Re: search on accents over all possible matches

From
Peter Eisentraut
Date:
Jaume Teixi writes:

> this c function from Patrice Hédé is the most appropiate tool for
> searching on an accent based language ?
> http://www.postgresql.org/mhonarc/pgsql-sql/1998-06/msg00119.html

Looks good to me.

> or should I use an implemented function inside postgres right now ?

The reason there is no such implementation, and probably won't be any time
soon, is that this tool would either have to hard-code or ignore natural
language semantics, neither of which would make it practical.  Not all
languages have the same accent ignoring or accent folding rules or
conventions.

--
Peter Eisentraut      peter_e@gmx.net       http://yi.org/peter-e/


Re: search on accents -> Why not include this function

From
Jaume Teixi
Date:
on day of Tue, 27 Mar 2001 19:24:34 +0200 (CEST), the message from Peter
Eisentraut <peter_e@gmx.net> says:

> Jaume Teixi writes:
>
> > this c function from Patrice Hédé is the most appropiate tool for
> > searching on an accent based language ?
> > http://www.postgresql.org/mhonarc/pgsql-sql/1998-06/msg00119.html
>
> Looks good to me.
>
> > or should I use an implemented function inside postgres right now ?
>
> The reason there is no such implementation, and probably won't be any
time
> soon, is that this tool would either have to hard-code or ignore natural
> language semantics, neither of which would make it practical.  Not all
> languages have the same accent ignoring or accent folding rules or
> conventions.

This function is really fast.
The accent method is a REAL need for almost all non-english languages.
You should to explicity call this funciton like:
select accents ('dali');
             accents
----------------------------------
 [dðÐ][aáÁàÀâÂäÄåÅãÃ]l[iíÍìÌîÎïÏ]

so why to not to include on the next release ?

best from barcelona,

jaume teixi.

This fortune intentionally not included.

Re: search on accents -> Why not include this function

From
Peter Eisentraut
Date:
Jaume Teixi writes:

> > The reason there is no such implementation, and probably won't be any time
> > soon, is that this tool would either have to hard-code or ignore natural
> > language semantics, neither of which would make it practical.  Not all
> > languages have the same accent ignoring or accent folding rules or
> > conventions.
>
> This function is really fast.
> The accent method is a REAL need for almost all non-english languages.
> You should to explicity call this funciton like:
> select accents ('dali');
>              accents
> ----------------------------------
>  [dðÐ][aáÁàÀâÂäÄåÅãÃ]l[iíÍìÌîÎïÏ]
>
> so why to not to include on the next release ?

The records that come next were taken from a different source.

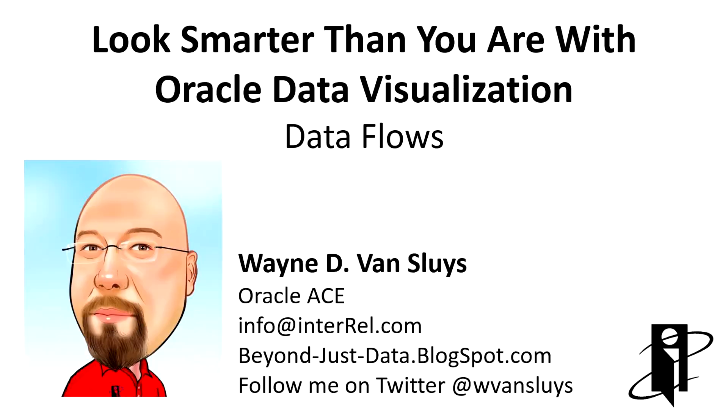I'm Wayne Vansluis, Oracle Ace. Welcome to Look Smarter Than You Are with Data Visualizations, Data Flows.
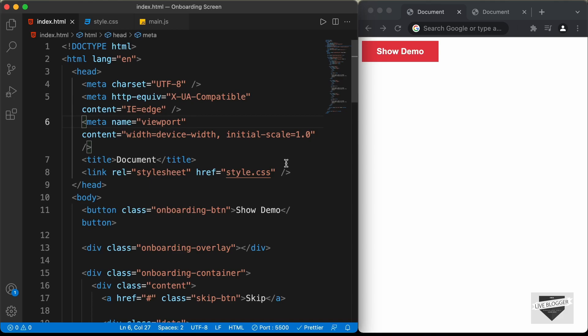Hi everybody. Welcome to Live Blogger. In this tutorial series, we are designing an onboarding screen for our website using HTML, CSS and JavaScript.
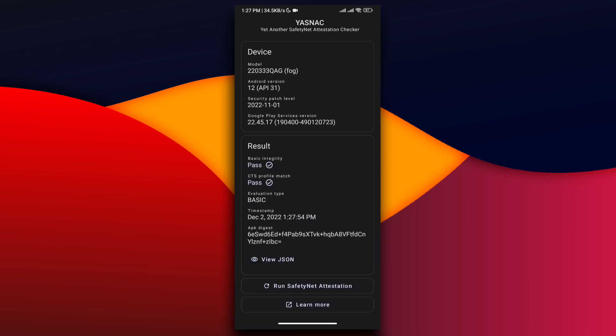Voila! Both Basic Integrity and CTS Profile Match are now bypassed. Now you can use banking apps without any issues, and it's 100% safe.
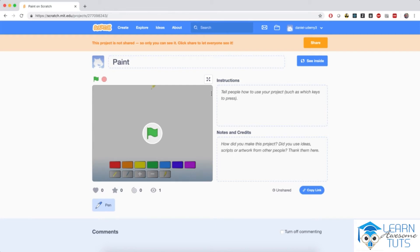All right, welcome back. In this chapter we will learn to invent our own application that will allow us to draw and paint in Scratch.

For the reason I cited above:  it is a too abstract approach for many
languages and/or applications.  For example in Swedish, a search for 'e'
should probably include 'é', since most users will not type that in
explicitly (it's not on the keyboard), but a search for 'a' should
normally not include 'å', since that it a completely separate letter (and
it is on the keyboard).  Additionally, this particular implementation
seems to be ISO-8859-1 charset specific.  I know a number of accented
letters that are a lot closer "siblings" to 'd' than 'ð' is.

--
Peter Eisentraut      peter_e@gmx.net       http://yi.org/peter-e/


Re: search on accents -> Why not include this function

From
Jaume Teixi
Date:
But the thing is that you must explicity call this function in order to
use it.
Also in order to some stetics maybe you should call it accents_iso-8859-1
The thing is that this should be consider a big need for non-english
languages.

On a major approx also could be possible to modify it in order to accept
parameters to include ('å','à') or ('ca_ES','fr_FR')....

bests,
jaume.


> For the reason I cited above:  it is a too abstract approach for many
> languages and/or applications.  For example in Swedish, a search for 'e'
> should probably include 'é', since most users will not type that in
> explicitly (it's not on the keyboard), but a search for 'a' should
> normally not include 'å', since that it a completely separate letter
(and
> it is on the keyboard).  Additionally, this particular implementation
> seems to be ISO-8859-1 charset specific.  I know a number of accented
> letters that are a lot closer "siblings" to 'd' than 'ð' is.
>
> --
> Peter Eisentraut      peter_e@gmx.net       http://yi.org/peter-e/

How to place a table on a separate partition?

From
"Rodin A. Porrata"
Date:

Hi,

I am putting together a large database and want the
table to reside on a partition separate from the
default under 'base'. How can I do this?

I tried the following: First I created the place I
wanted to put the table:

mkdir /taos/01/postgres
chown taos /taos/01/postgres

Then I modified the .profile of postgres
so that:

PGDATA2 = /taos/01/postgres
export PGDATA2

then on the command line of the postgres
account I typed

initlocation $PGDATA2

which was successful.

Then I typed

initdb -D $PGDATA2 -i 1095

Now I had to kill the old postmaster and restart it. However,
I could only give it one location to utilize the data base, i.e.,

postmaster -D /taos/01/postgres
createdb -U taos -D $PGDATA2 large_table

So does this mean I have to start a separate postmaster for
the new location? How would I do that?

What we would like is a single postmaster to handle
all database queries, etc. However, for the especially
large table have a special user and table only.

Rodin


Re: How to place a table on a separate partition?

From
Stefan Huber
Date:
>I am putting together a large database and want the
>table to reside on a partition separate from the
>default under 'base'. How can I do this?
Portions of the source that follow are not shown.